Reproduce exactly the lines of the material beneath, from the line that contains "태백산 가장 쉬운 산행코스, 함백사 코스3" to the line that contains "Hundhalsband, selar och", both included, and no other lines.
** RECORDS SHOWN follows **
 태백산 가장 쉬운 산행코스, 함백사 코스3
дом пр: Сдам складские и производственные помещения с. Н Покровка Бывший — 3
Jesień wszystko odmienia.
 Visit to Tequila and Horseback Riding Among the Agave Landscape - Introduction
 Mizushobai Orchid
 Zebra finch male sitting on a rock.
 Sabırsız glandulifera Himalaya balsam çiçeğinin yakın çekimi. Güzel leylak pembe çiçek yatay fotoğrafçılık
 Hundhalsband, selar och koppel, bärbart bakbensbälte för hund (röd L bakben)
** End of RECORDS SHOWN **
** RECORDS SHOWN follows **
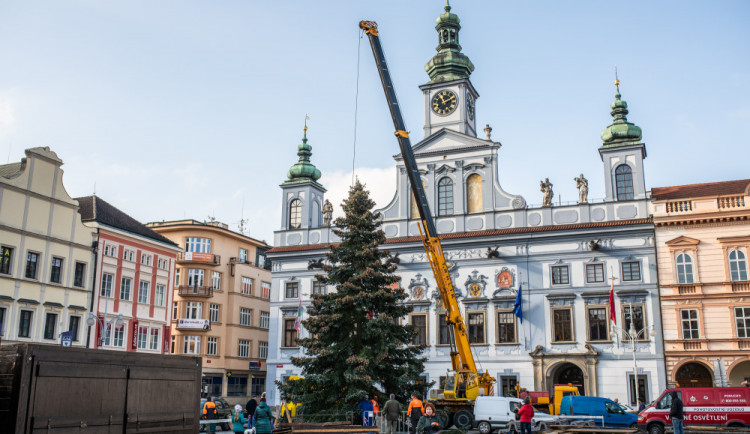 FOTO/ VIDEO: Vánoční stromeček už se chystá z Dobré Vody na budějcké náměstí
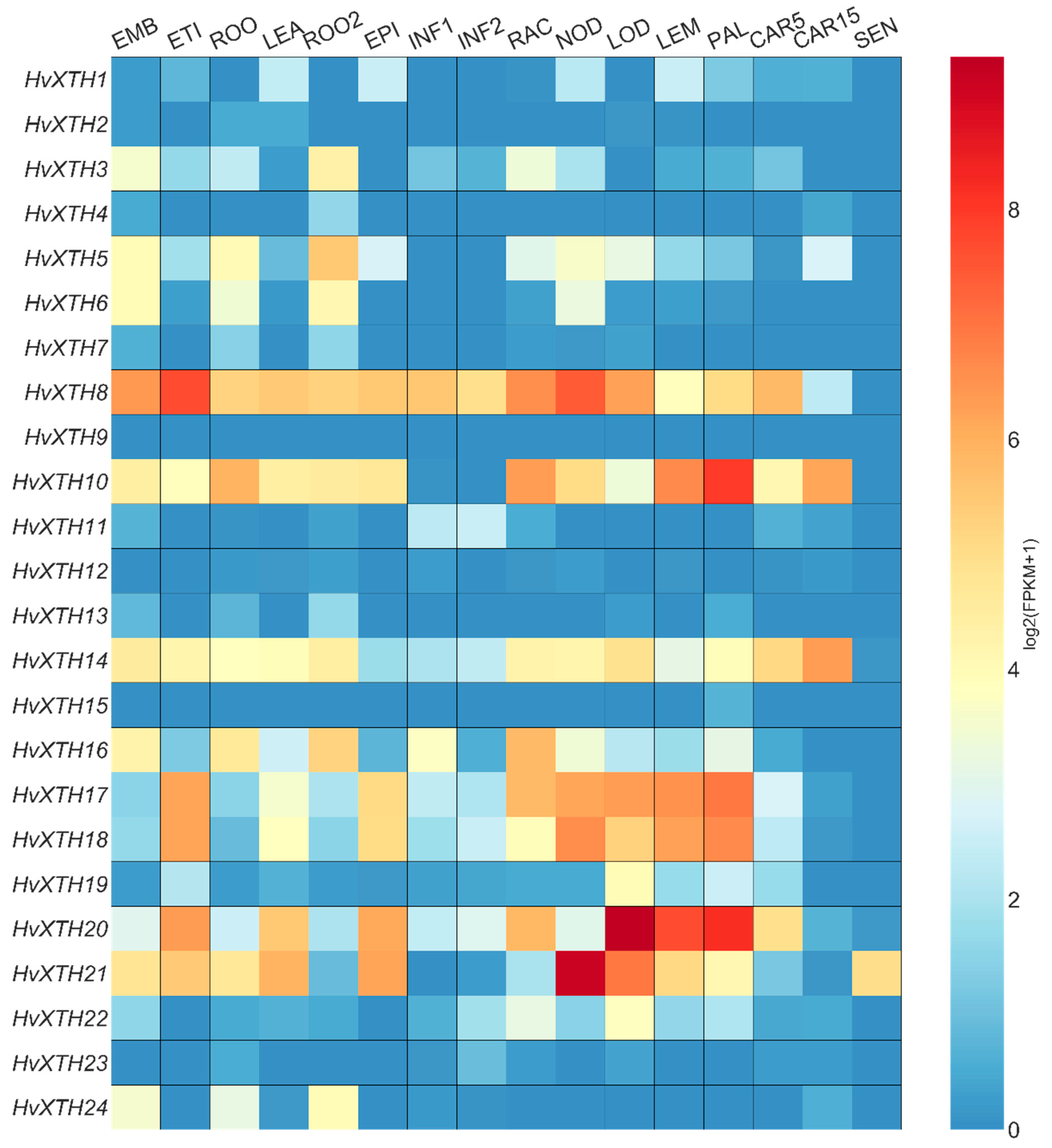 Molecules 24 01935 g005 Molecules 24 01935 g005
** End of RECORDS SHOWN **
• SOLUTION FOR THIS TASK:
 태백산 가장 쉬운 산행코스, 함백사 코스3
дом пр: Сдам складские и производственные помещения с. Н Покровка Бывший — 3
Jesień wszystko odmienia.
 Visit to Tequila and Horseback Riding Among the Agave Landscape - Introduction
 Mizushobai Orchid
 Zebra finch male sitting on a rock.
 Sabırsız glandulifera Himalaya balsam çiçeğinin yakın çekimi. Güzel leylak pembe çiçek yatay fotoğrafçılık
 Hundhalsband, selar och koppel, bärbart bakbensbälte för hund (röd L bakben)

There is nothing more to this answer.